:: What you need to do ::
Take the records below and set down exactly the lines from the one with "Neutral wall paint" to the one with "A view of the", ends included; do not copy the pictures.

:: Data records ::
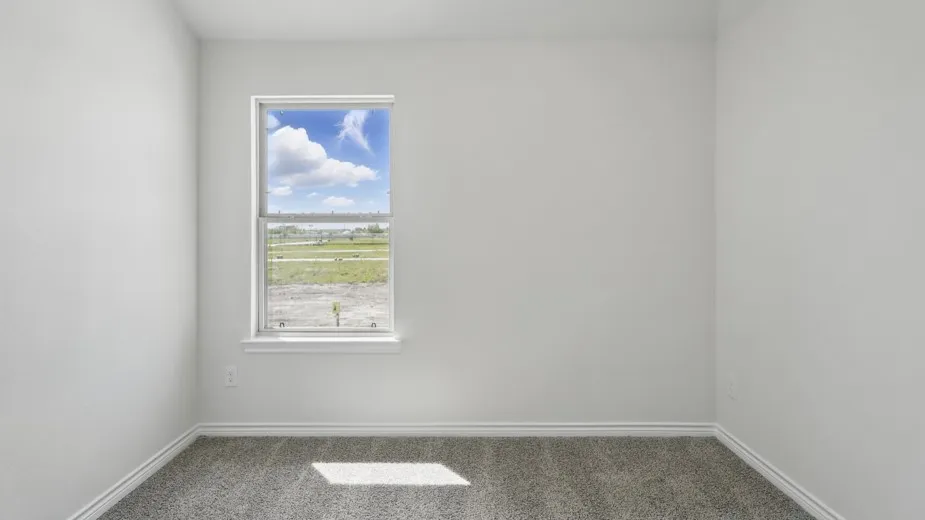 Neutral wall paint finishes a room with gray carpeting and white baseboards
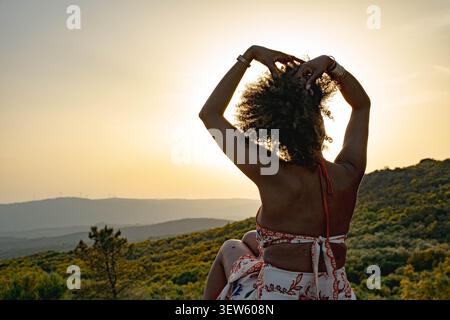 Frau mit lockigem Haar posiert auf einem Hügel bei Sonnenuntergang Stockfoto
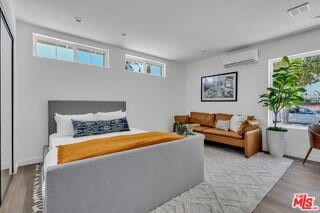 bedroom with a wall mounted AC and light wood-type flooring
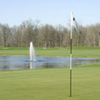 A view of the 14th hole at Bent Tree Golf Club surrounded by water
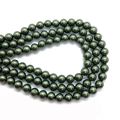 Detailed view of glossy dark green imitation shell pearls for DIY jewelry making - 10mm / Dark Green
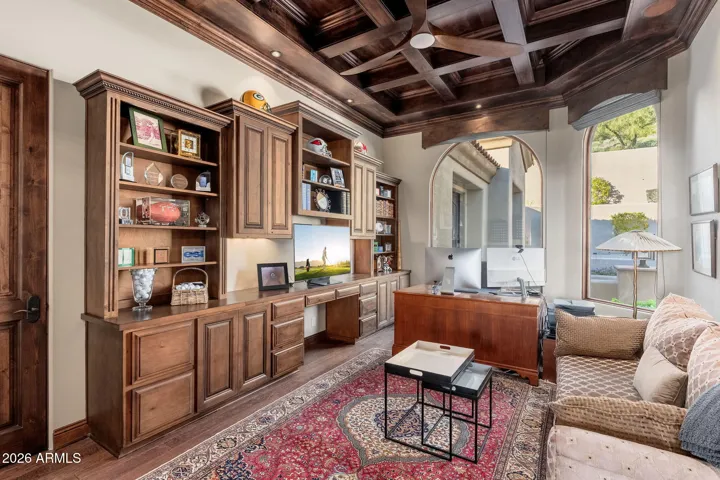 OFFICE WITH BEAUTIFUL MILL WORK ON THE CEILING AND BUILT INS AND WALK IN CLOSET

--

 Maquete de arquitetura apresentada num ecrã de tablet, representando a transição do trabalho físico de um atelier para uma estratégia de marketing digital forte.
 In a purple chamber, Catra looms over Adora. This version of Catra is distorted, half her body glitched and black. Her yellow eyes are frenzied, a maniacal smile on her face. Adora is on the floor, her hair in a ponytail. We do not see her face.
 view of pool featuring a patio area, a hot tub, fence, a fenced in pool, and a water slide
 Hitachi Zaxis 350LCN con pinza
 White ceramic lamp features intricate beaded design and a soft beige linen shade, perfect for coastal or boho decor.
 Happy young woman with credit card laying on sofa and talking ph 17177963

:: Result for this exercise ::
 Neutral wall paint finishes a room with gray carpeting and white baseboards
 Frau mit lockigem Haar posiert auf einem Hügel bei Sonnenuntergang Stockfoto
 bedroom with a wall mounted AC and light wood-type flooring
 A view of the 14th hole at Bent Tree Golf Club surrounded by water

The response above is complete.